LOS ANGELES • To understand how Andrew Garfield successfully made the leap from Spider- Man to holy man, it is helpful to know that when he was eight, his hero was Mahatma Gandhi.
And that one of his life goals at the time was to seek out the schoolyard bully and envelop him in a warm embrace.
"He was a brilliant terror, kind of like a mini-dictator," he recalled during a recent interview. "My first impulse was to give him a hug and a kiss and tell him he was all right, and that he didn't have to behave that way."
After a few hours of conversation with Garfield, it was evident that he sees many things deeply.
This attribute was integral to his landing starring roles in two meaty movies that are receiving awards attention this season.
The first is Mel Gibson's Hacksaw Ridge, about Desmond T. Doss, a real-life World War II hero, a Seventh- day Adventist and conscientious objector who refused to carry weaponry.

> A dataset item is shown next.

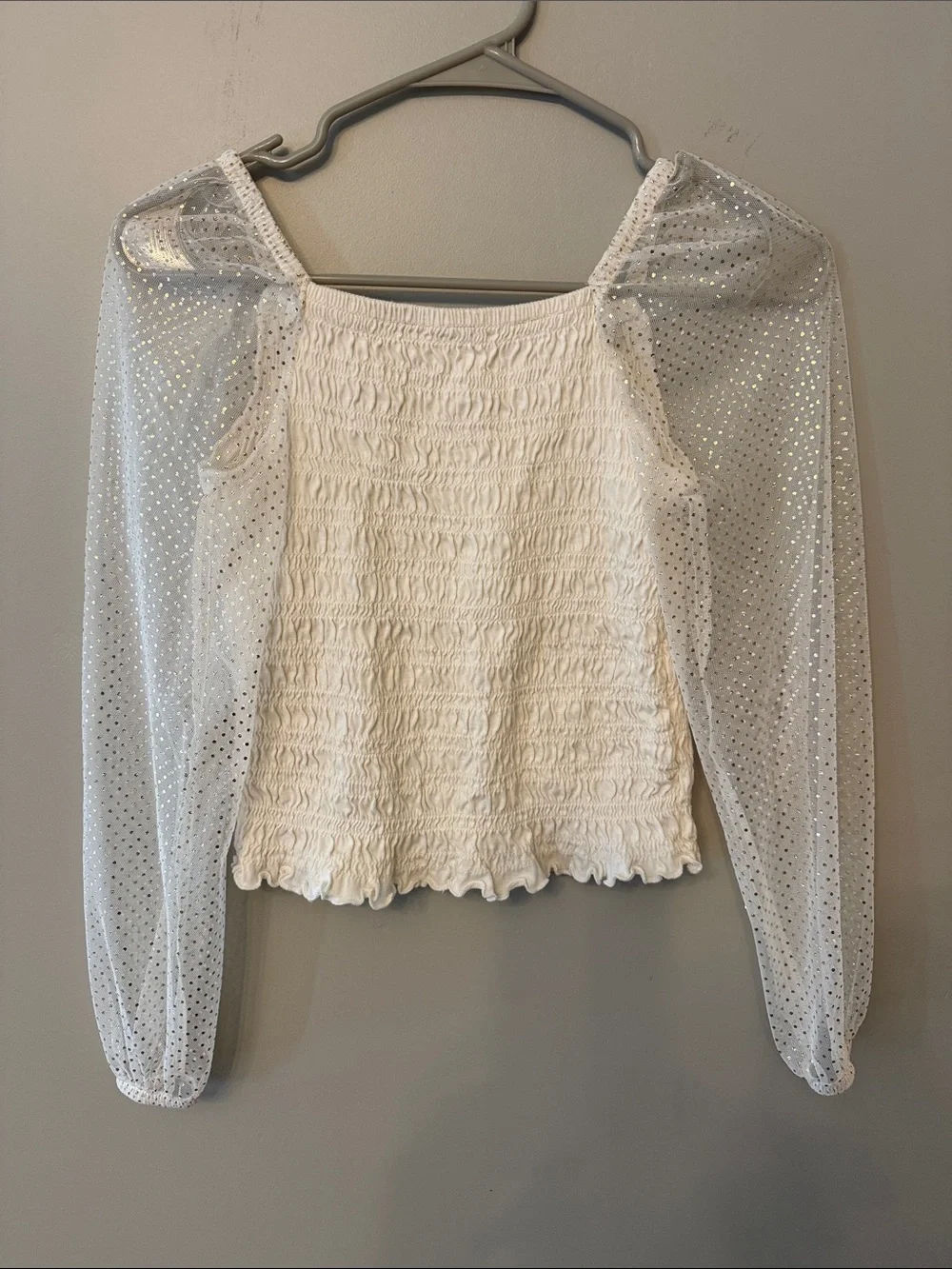 GAP Cream Smocked Top with Sheer Gold Polka-Dot Sleeves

The part has landed Garfield his second Golden Globe nomination.
The other is Martin Scorsese's long-awaited Silence, in which he plays a 17th-century Jesuit priest, Sebastien Rodrigues, on a mission in hostile Japan.
Both directors said Garfield possessed a moral conviction necessary for playing their protagonists, each of whom happen to be devout and forced to face down Japanese antagonists.

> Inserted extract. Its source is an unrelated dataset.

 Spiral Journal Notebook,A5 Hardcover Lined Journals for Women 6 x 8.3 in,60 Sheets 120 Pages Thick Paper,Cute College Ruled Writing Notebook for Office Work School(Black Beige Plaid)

Garfield, 33, said he could not have done Hacksaw were it not for the intensive preparation he underwent for Silence.
For the Scorsese film, which was produced first, but released second, he spent a year under the tutelage of the Jesuit priest and author Father James Martin, praying, fasting and using a small rented West Village apartment as a quasi-monastic retreat. "I got not only a theological education, but also a deep spiritually transformative experience," Garfield said.
Lithe and nimble - not for nothing was he Spider-Man - and as finely tuned as a whippet, Garfield came across as a friendly, engaged presence, with a crackling intelligence that Gibson described as "through the roof".
Garfield met to chat at the Sunset Marquis in West Hollywood; he was in production for the coming noir thriller, Under The Silver Lake.
His casting as the webbed crusader for The Amazing Spider- Man (2012) and subsequent romance with co-star Emma Stone had catapulted him to wider fame, which he dreaded when he took the Peter Parker role.
Spider-Man had always been Garfield's favourite superhero and he said he adored the character and could not say no, even though being in such a spotlight made him cringe.
In 2015, when it was announced that another actor would be playing Spider-Man, he found himself relieved: He wanted to continue working on himself as an actor, which is not easy in a franchise.
"It's a money-making exercise and I don't know if I'm criticising that," he said. "I'm trying not to judge that."
But he had already been spreading his wings.
In 2012, he earned a Tony nomination for his performance as Biff in Broadway's Death Of A Salesman, starring Philip Seymour Hoffman and directed by Mike Nichols. The performance was recommended to Scorsese.
In 2013, while Garfield was in the middle of The Amazing Spider-Man 2, he found himself in an audition with Scorsese that would leave the director thrilled.
"I felt the film come alive at that point," Scorsese wrote in an e-mail. "Andrew let me know right away that he had to go deep into the role and that it had to take time - he had to live it."
The production was in 2015. Shortly after Garfield returned, he read the script for Hacksaw Ridge. It was positioned as a comeback for Gibson, who had been disgraced a decade earlier for drunkenly spewing anti-Semitic epithets.
Garfield said he read the script, wept - Doss had single-handedly rescued 75 men from a brutal battleground in Japan - and that any hesitation he might have had vanished after he asked Gibson about the controversy head-on.
Garfield is also starring in a revival of Angels In America in the West End. But his immediate future is being dictated by awards - his work in Hacksaw also landed a Screen Actors Guild award.
He will be back on red carpets, schmoozing again, a reluctant cog in the Hollywood machine.
•Hacksaw Ridge opens in Singapore on Jan 19. Silence opens on Feb 16.